Deux voix masculines couronnent ce cast de grande classe.
Chaleureusement applaudi en Fasolt jeudi, Albert Pesendorfer incarne maintenant Hagen (qu’il chantera d’ailleurs ces prochaines semaines à Wiesbaden, puis à Tokyo et à Dresde en automne), suite à l’annulation de dernière minute d’Ain Anger qui, le 9 avril, assura le rôle lors du premier cycle. Saluons un artiste qui sut s’adapter en un rien de temps à la situation théâtrale et construire vocalement un Hagen de belle tenue, malgré l’urgence. Remarqué ici-même en Leporello [lire notre chronique du 15 janvier 2017], le baryton nord-américain Seth Carico donne un Gunther superlatif, nuancé comme jamais, très dense. D’autres voix nous éblouissent : celles du Chor der Deutschen Oper Berlin, dirigé par Raymond Hughes.

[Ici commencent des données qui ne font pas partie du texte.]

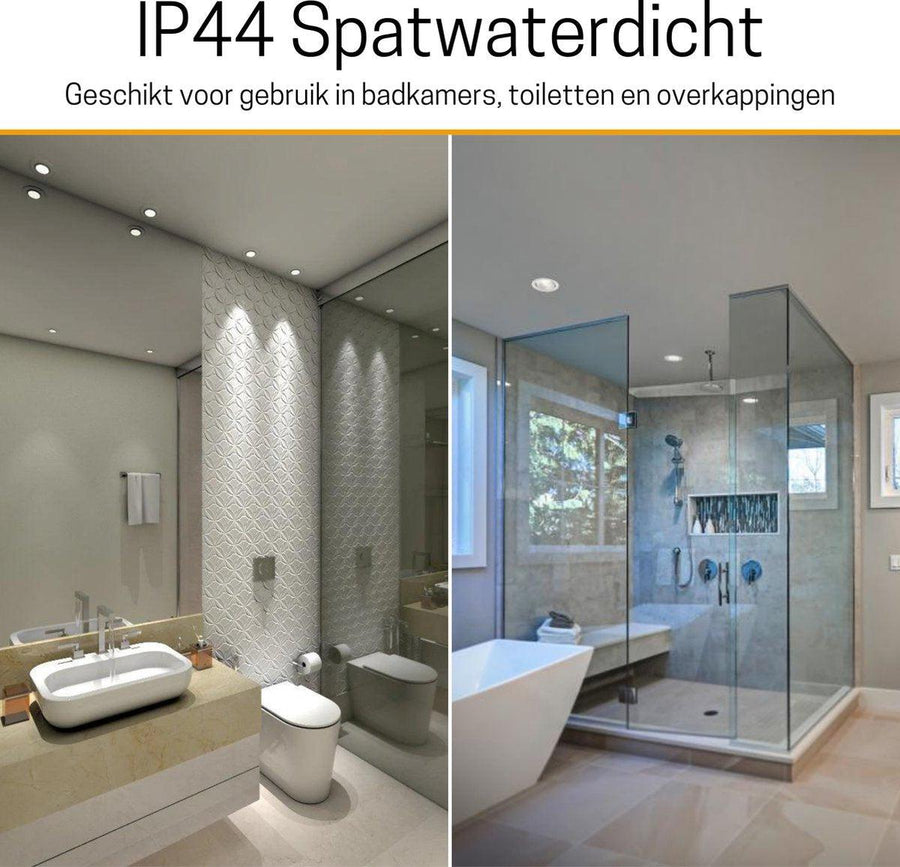 LED's Light Pro LED Einbaustrahler Nickel - DimToWarm - Ø 68mm - Schwenkbar - Warmweißes Licht - CRI95 - lidstore.shop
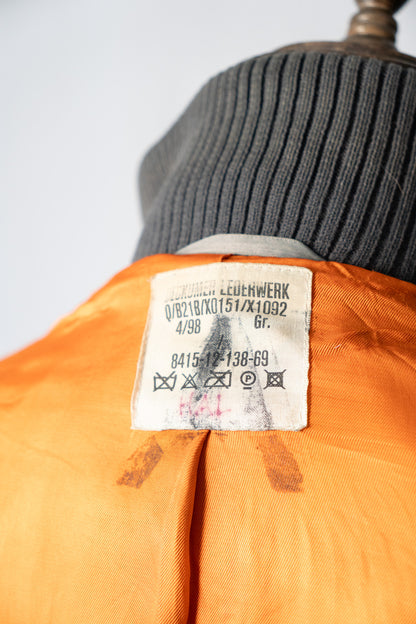 90s West German BLW Goatskin Pilot Leather Jacket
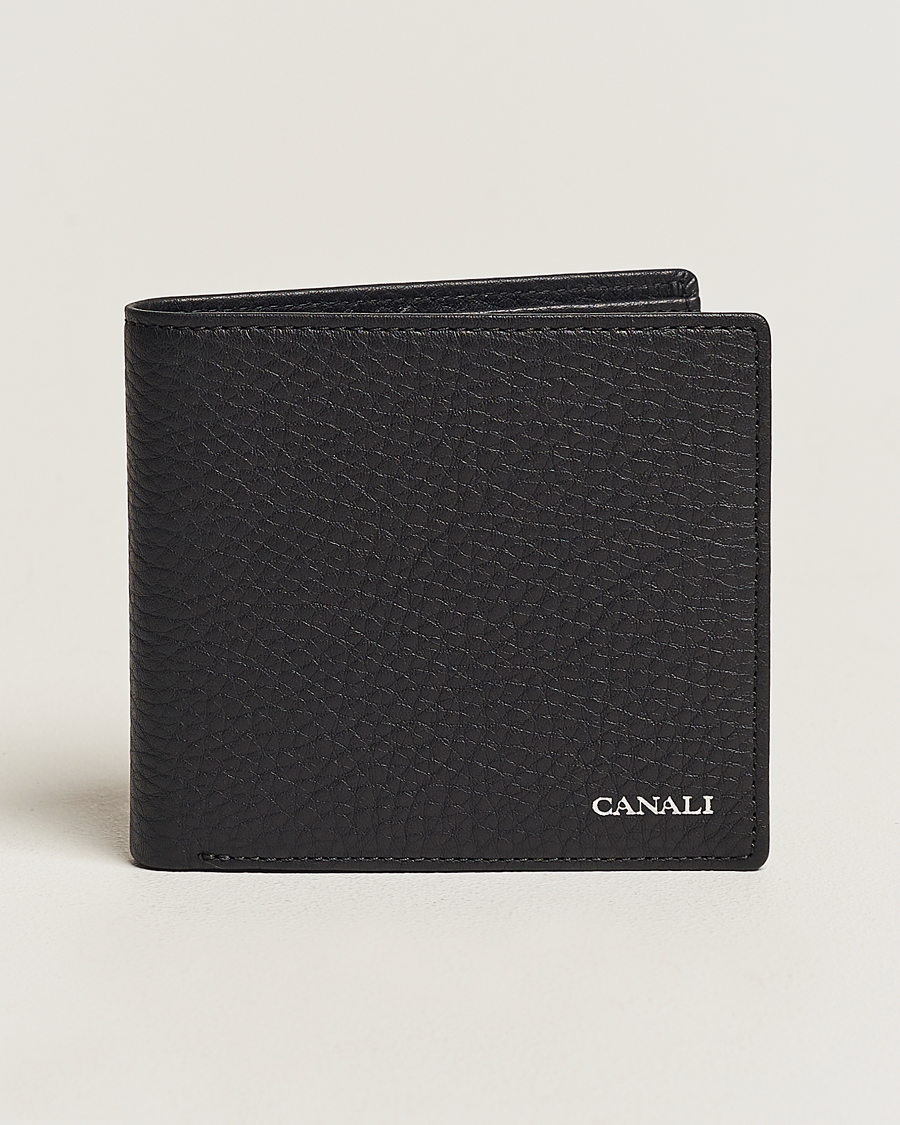 Mies |  | Canali | Grain Leather Wallet Black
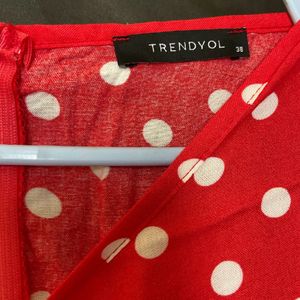 Trendyol Red Polka Dot Women Dresses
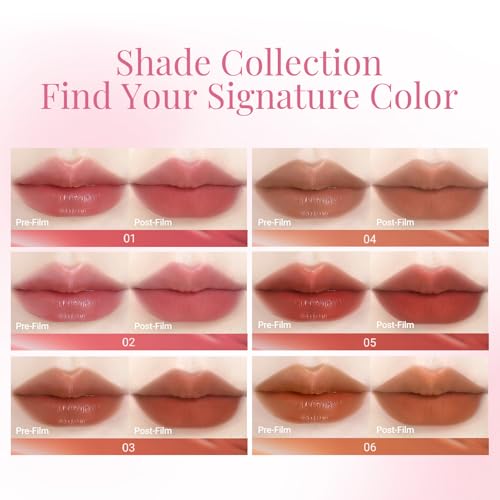 CARSLAN Stay Locked Lip Tint, Quick-Dry Long Lasting Transfer Proof Matte Lip Stain, Moisturizing Glow-Boosting Lightweight Lipstick (02)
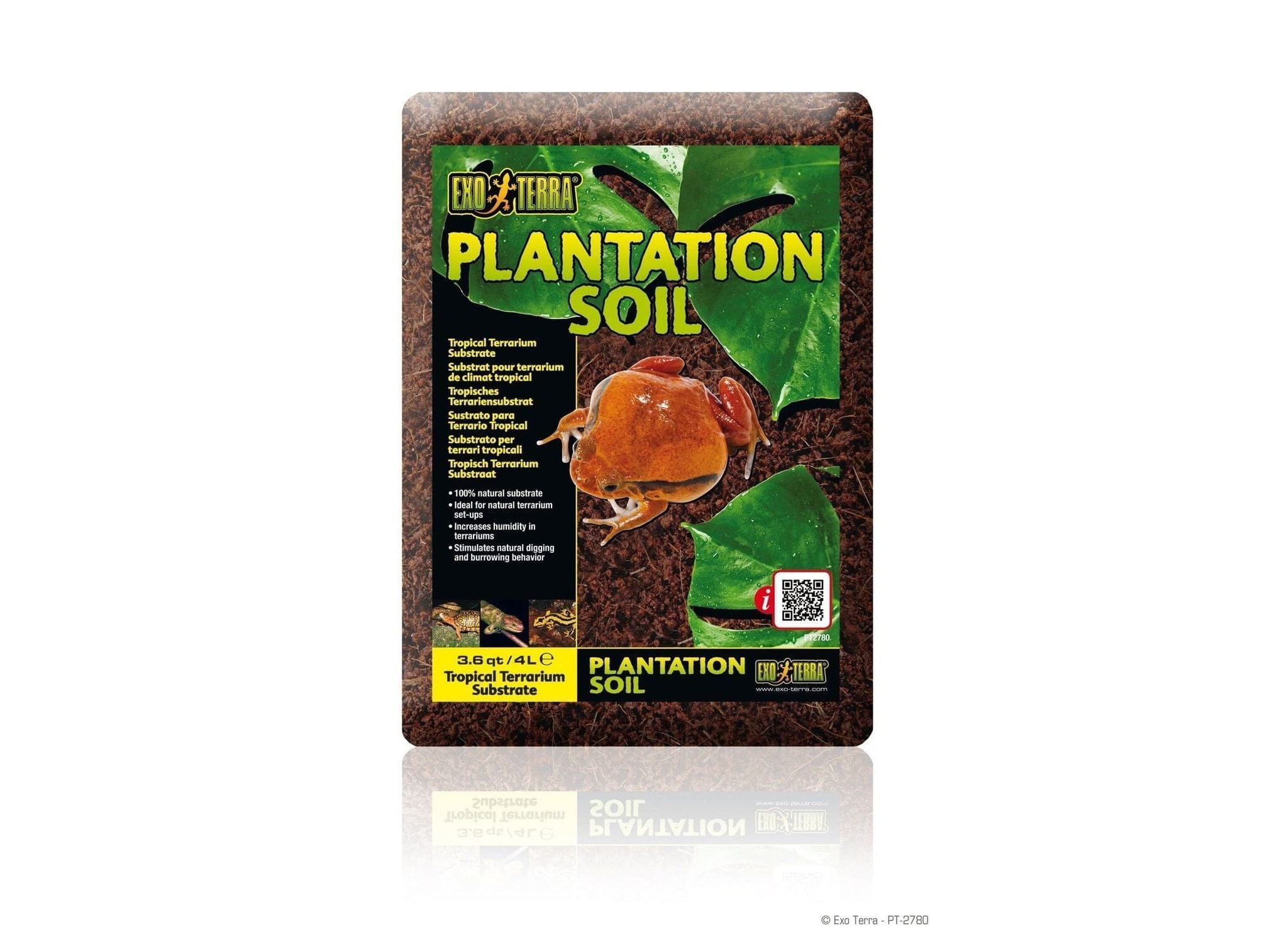 Exo Terra Plantation Soil, 4qt Exo Terra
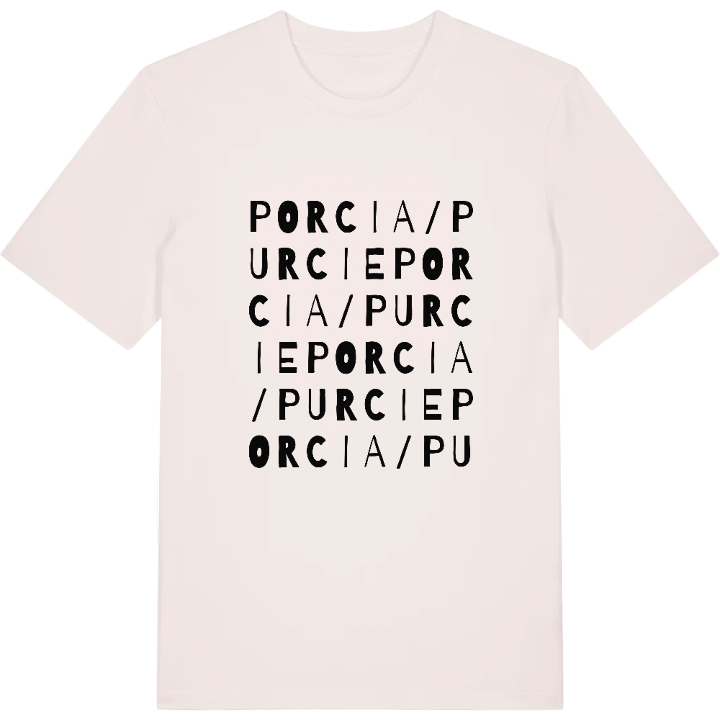 Porcia / Purcie ordlek t-shirt – t-shirt från PinShirt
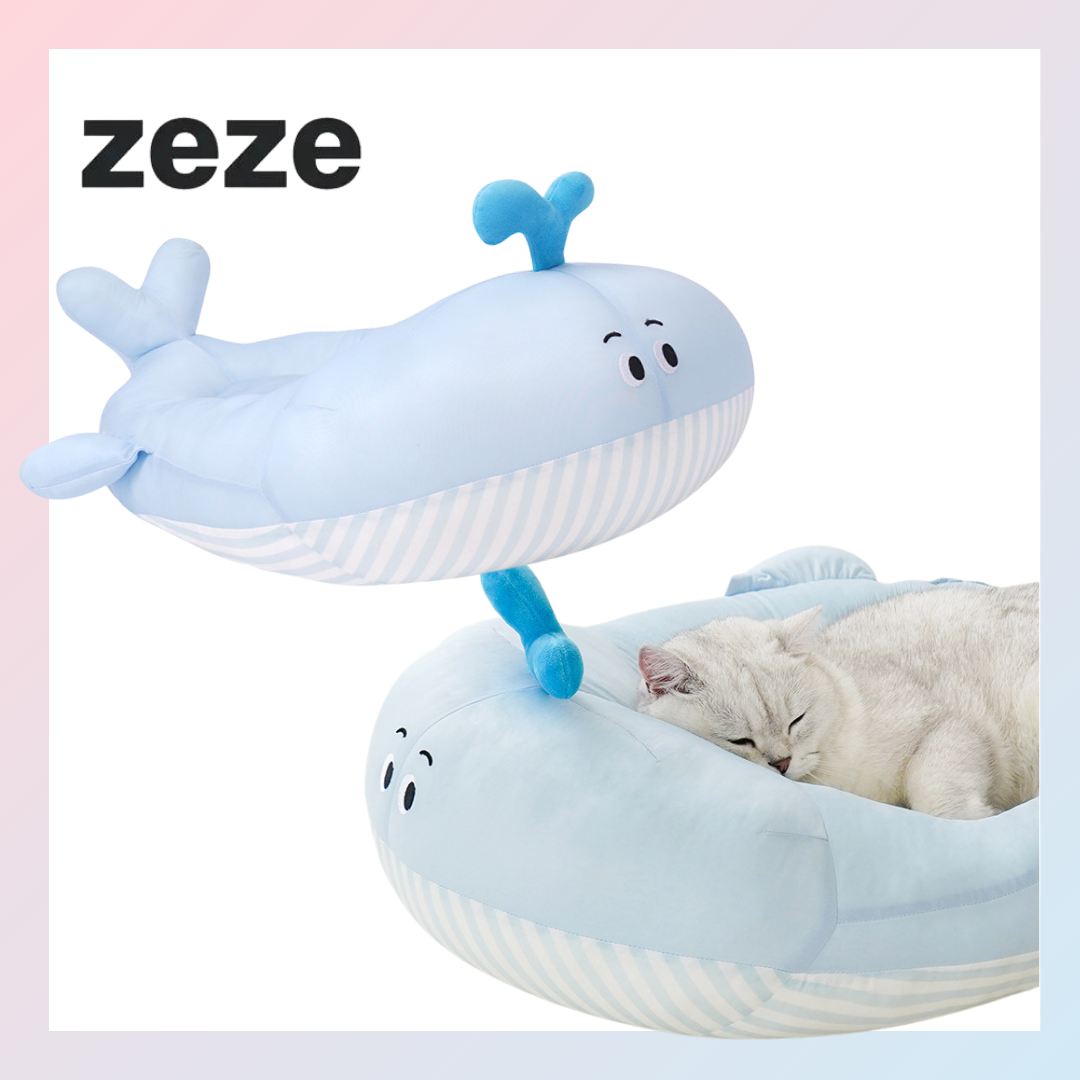 PETFUL｜zeze 鯨魚造型涼感寵物窩 正品保證 狗窩 貓窩 寵物用品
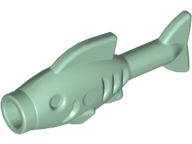 Animal, Fish [Hollow Stud Mouth] in Sand Green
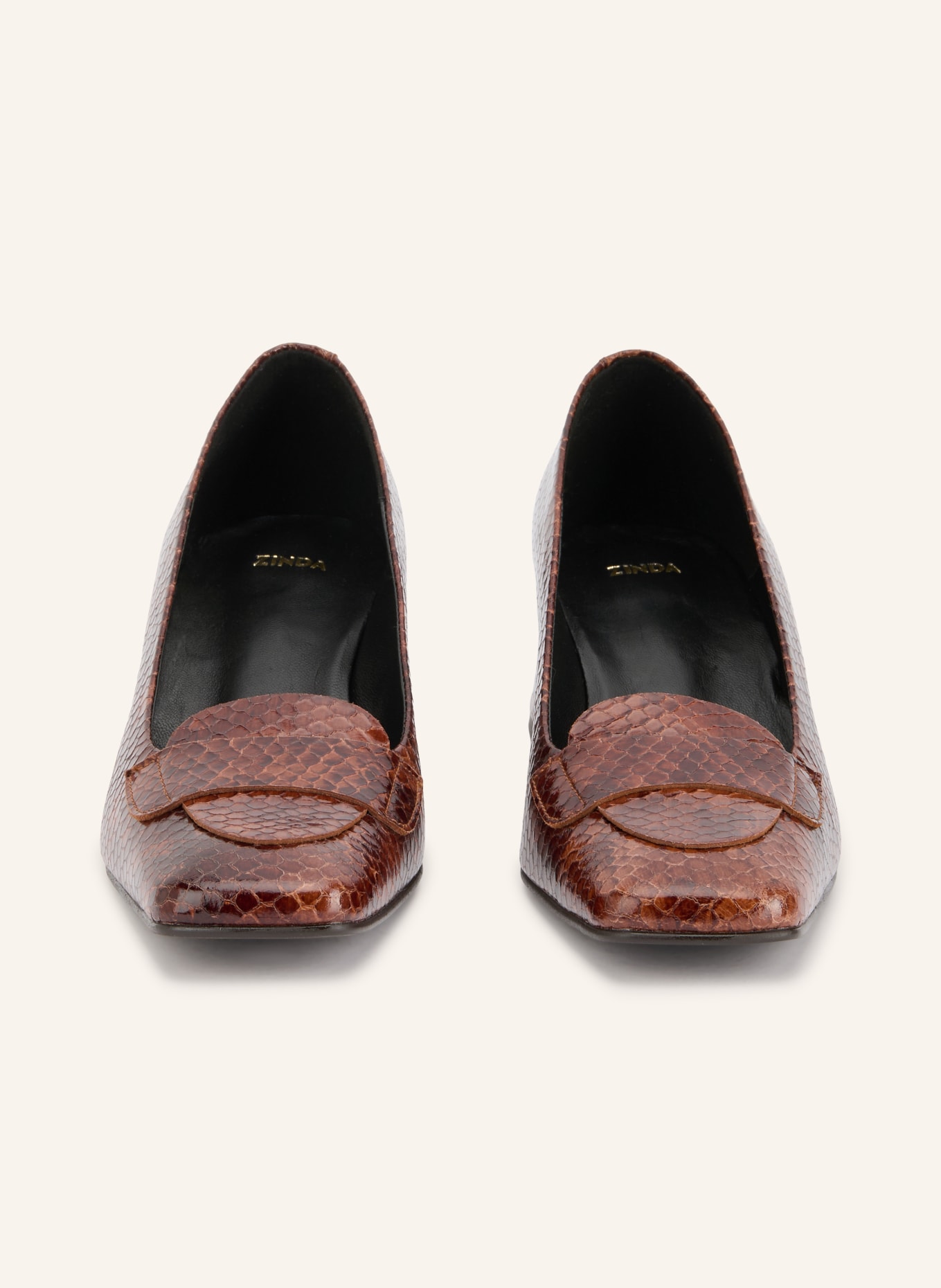 ZINDA Lack-Pumps ELBA: BRAUN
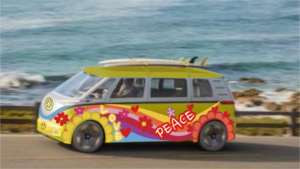 Hippie Bus design for new Volkswagen I.D. Buzz 2022 | Diseño Gráfico por design.bb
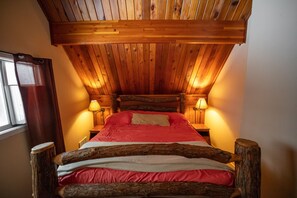 Upstairs Bedroom with King sized bed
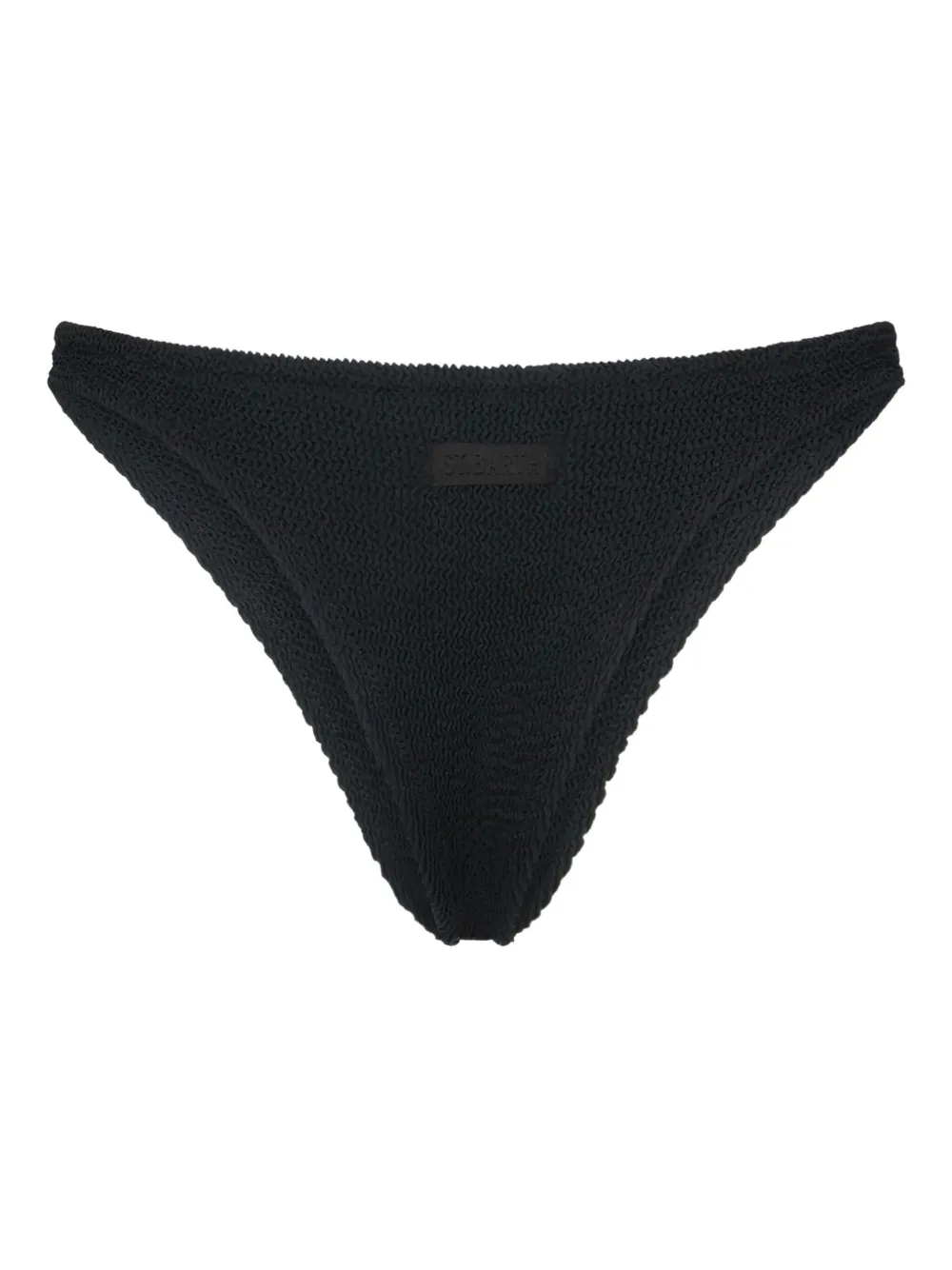 MC2 Saint Barth crinkle high-cut briefs Zwart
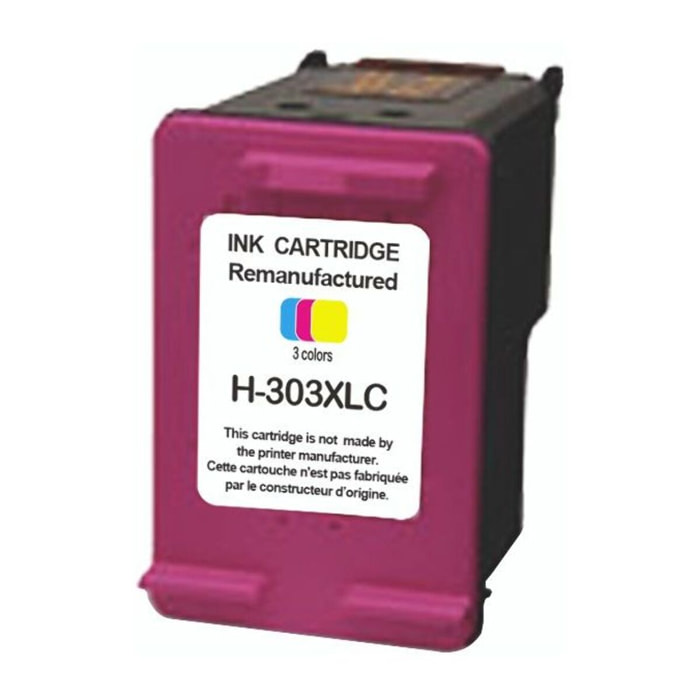 Cartouche d'encre ESSENTIELB Compatible H303 XL Haute Capacité 3 Couleurs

En fosse, Donald Runnicles poursuit le travail magistral qu’il amorçait au début de ce week-end pascal. Wagnérien avisé [lire notre chronique du 18 mai 2014 et notre critique du CD Jonas Kaufmann], il ne brusque rien au premier acte, prenant soin de chaque geste musical, de chaque intention dramaturgique. Il fluidifie à merveille le suivant et précipite le dernier dans les flammes. Après un soir de relâche, les musiciens ont repris des forces : ils sont simplement parfaits, dans cette prestation d’une grande expressivité.
Alors que Jasmin Solfaghari dirigeait la reprise de Rheingold et de Siegfried, Gerlinde Pelkowski veillait à la restitution de Walküre et de Götterdämmerung. Qu’en est-il de ce Crépuscule ? Plus de dix-huit heures de théâtre après les premiers bruissements aquatiques de L’or du Rhin [lire notre chronique du 13 avril 2017], il nous éclaire quant au cylindre inquiétant. Une guerre nucléaire avait eu lieu, laissant un monde en survie dont un dieu fatigué s’était désintéressé. Une seconde chance leur fut donnée, mais personne n’en fit rien : le Tunnel-Ring se termine par une nouvelle catastrophe atomique. C’est extraordinaire de pouvoir se plonger dans les années quatre-vingt, de voir où en étaient les consciences après le désastre de 1933-45, se souvenant de celui de 1914-18 et en pleine guerre froide dans une Allemagne divisée. Sans nostalgie pour des temps qui ne furent pas heureux, saluons encore un très grand artiste, Götz Friedrich. Depuis le 14 juin 2008, l’espace urbain devant la Deutsche Oper, à la sortie du métro, s’appelle Götz-Friedrich-Platz.